It was almost ten years ago that I had my first introduction to tango: in a little dance studio, down a dark, Northern Quarter side street, deep in the Manchester gloom.
“Tango is just like walking,” our instructor Joel told us as we looked on, nervously. “But if you are the man, you must push her – push her like…. like shopping trolley.”
We sniggered, trying hard not to picture Dale Winton dashing down the aisles à la Supermarket Sweep. But, unperturbed by our giggling, Joel demonstrated, guiding his beautiful partner Alina around the floor with single-minded purpose and intensity.
They were walking, it was true – him leading and her following – but they were moving with such fluidity, such togetherness, that it was almost hypnotic.
Then Joel took my hand and he pushed me, like a shopping trolley. He led, and I followed. I didn’t realise it, but I was dancing. And just like that, I was hooked.
I could have sworn, in that moment, that there was something magical about the tango. Ten years on, the Dance Consortium reminded me that what I felt, all those years ago in that dance studio, was real.
Award-winning choreographer Sidi Larbi Cherkaoui and his hugely talented troupe of musicians and dancers (ten tango, two contemporary), have created a bewitching love letter to the tango, an art form which had its beginnings in the melancholy and longing of poor, often desperate, young men, far from home, struggling to survive on the streets of Buenos Aires.
But Cherkaoui’s m¡longa isn’t all doom and gloom. Dubbed ‘Tango for the 21st century’, it explores and delights in the many different faces of the tango, from passionate and intense – the more easily recognisable dance of jealous, warring lovers – to cheeky and flirty, best evidenced by the flame-haired Viviana D’attoma in a fun, light-hearted sequence where she tirelessly pursues her reluctant partner Gabriel Bordon for a kiss.
We also witness the more traditional dance party vibes of the milonga, the social dance which gives the show its name, but contrasted with the thoughtfulness and beauty of contemporary influence (in Salford, brought to life with great sensitivity by Silvina Cortés and Damien Fournier).

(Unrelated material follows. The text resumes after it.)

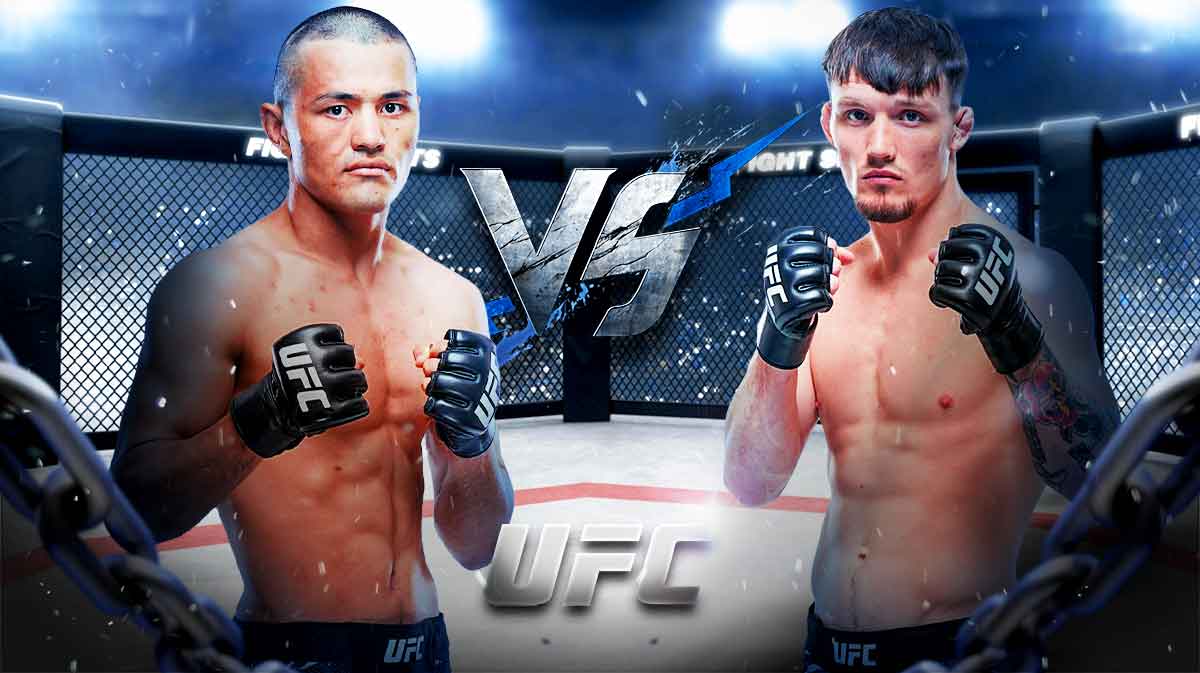 Maheshate Young prediction, UFC Shanghai odds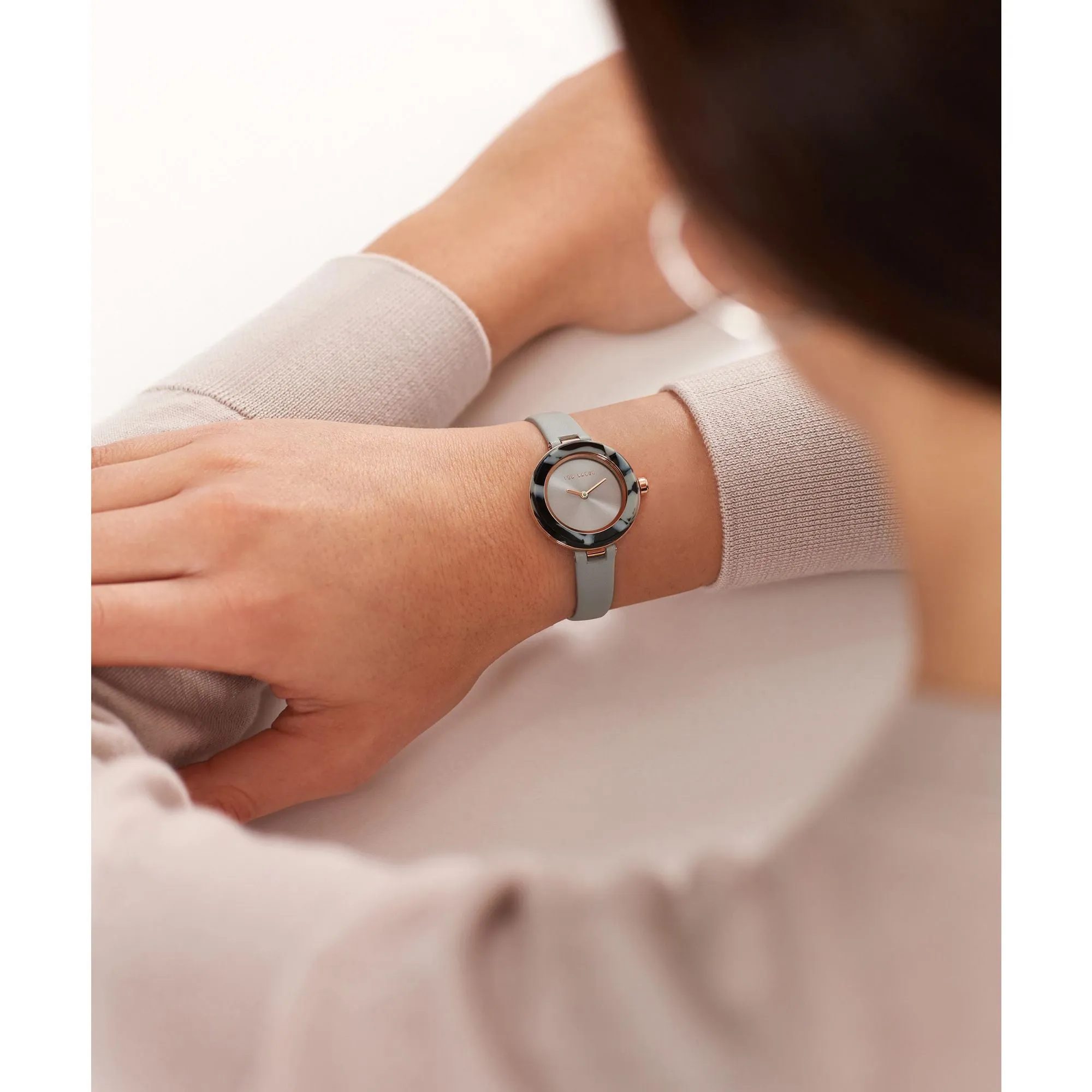 Ted Baker Gray Dial Women Watch - BKPLEF110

Throughout the show, you can see Cherkaoui playing with the boundaries of the art form, gently pushing and flexing it to see how far it can go and what it can become. I am definitely no tango expert, but a highlight for me was seeing things I’d never seen before: a trio of men showcasing both the strength and intricacy of the dance, and the beguiling ‘armography’ of the finale.
I must also mention the penultimate dance – a total barnstormer showcasing the phenomenal talent of former world champions Gisela Galeassi and Germán Cornejo. This one dance is worth the price of the ticket alone. I almost forgot to breathe, as did half the Lyric Theatre.
But all twelve dancers must be praised unanimously, for they are all excellent. For one night, m¡longa transports you halfway across the world, deep into the heart of Buenos Aires, where magic is in the air and the tango works its way into your soul.